And I think it's just a means of, again, like I said in the last podcast, a little bit more compassion for your circumstances surrounding money, your fear about money, your shame around money, et cetera, et cetera.
Sarah (01:24)
Mm-hmm. intergenerational trauma too, right? how it can get really passed down through and how patterns can show up in life and manifest in the way that you look or feel or interact with money.
Casey (01:37)
Yes, yeah. I mean, I think it can get really overwhelming when you look at all of the nitty gritty of it, right? There's attachment, there's, you know, means of making money, there's, you know, situations and feelings about yourself because of how much money you have. But I think the thing that I always start with in talking to clients about money and who have a history of trauma is...
Lack of money or poverty is inherently traumatic.
Sarah (02:02)
Yes.
Casey (02:03)
because it takes away choice. And so if you take it from that umbrella understanding, you can start to break it down slowly, right? Well, why would lack of choice connect to trauma? Well, psychoeducation for everybody, right? Trauma is not the event itself, but it's the way that our nervous system responds.
Sarah (02:05)
Mm-hmm.
Casey (02:23)
So when you don't have choice and you're forced to do something or act in a certain way or not act in a certain way, that's our body not being able to do what it needs to do to feel safe. And when you put that in the context of the world we live in, you need money to function. You need money to survive. You need money to feel safe. So that can look like
Sarah (02:38)
Mm-hmm.
Casey (02:45)
having to choose between two needs. It can be having to choose between a want and a need. It can be, you know, not being able to provide for your children in the ways that you need or would like to. It can be, you know, the desperate nature of finding a job and that job either being dangerous or not making you happy or being abusive.
Sarah (03:09)
Mm-hmm.
Casey (03:09)
I I feel like I could go on and on about the ways that that could umbrella out. But I think if you take that over time, right, you've accumulated all of these beliefs about money, beliefs about yourself in regards to money, what you understand money to be. our three questions that we left you guys with last time, and that then impacting the way that you look at money in the future.
Sarah (03:11)
Mm-hmm.
Mm-hmm.
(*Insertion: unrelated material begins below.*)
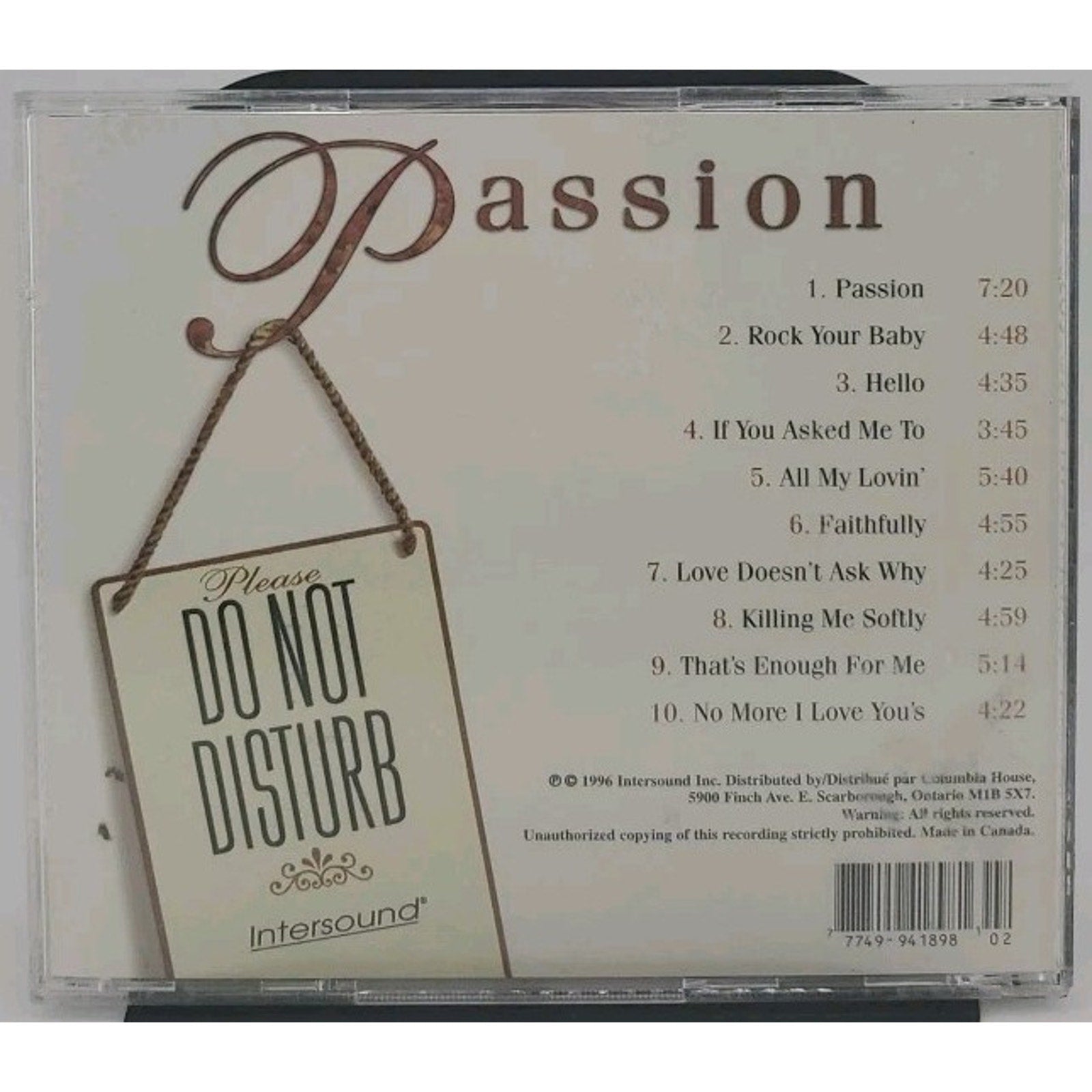 Please Do Not Disturb: Passion by Various Artists (CD, 1996)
Yeah.
Casey (03:34)
when you might have more choice or maybe you don't. And that can kind of impact the way that you look at it there too.
Sarah (03:41)
Yeah. As you were saying that, was thinking about how I was thinking like, was that a podcast or was it Love is Blind? Which feels like a pretty vast difference. it might have been Love is Blind because I've been watching a lot of that lately. I have a way on a training. So nights are long. Love is Blind helps. But anyway, one of the men
Casey (03:49)
you
It depends! It depends on whose podcast you're listening to.
Sarah (04:06)
I'm pretty sure it was love is blind. One of the men was talking about growing up and he always had something to eat. And his mom, was, she'd work during the day, she'd come home and then she'd go to work at night. And when she'd come home to make dinner, she'd always make sure he had something to eat. And she'd say, I'm just not hungry. But he had this knowing deep inside, yes, she is hungry, but we don't have.
what we need. So there's this double, I don't know, the double whammy there of this denying of need from mom, I'm taking care of my baby, I'm doing what I should, quote unquote, do. And this deep, my goodness, she's suffering from this end. So it can come together in these really big ways that, yeah, and just breezing by it, it's like, yeah, that really sucks.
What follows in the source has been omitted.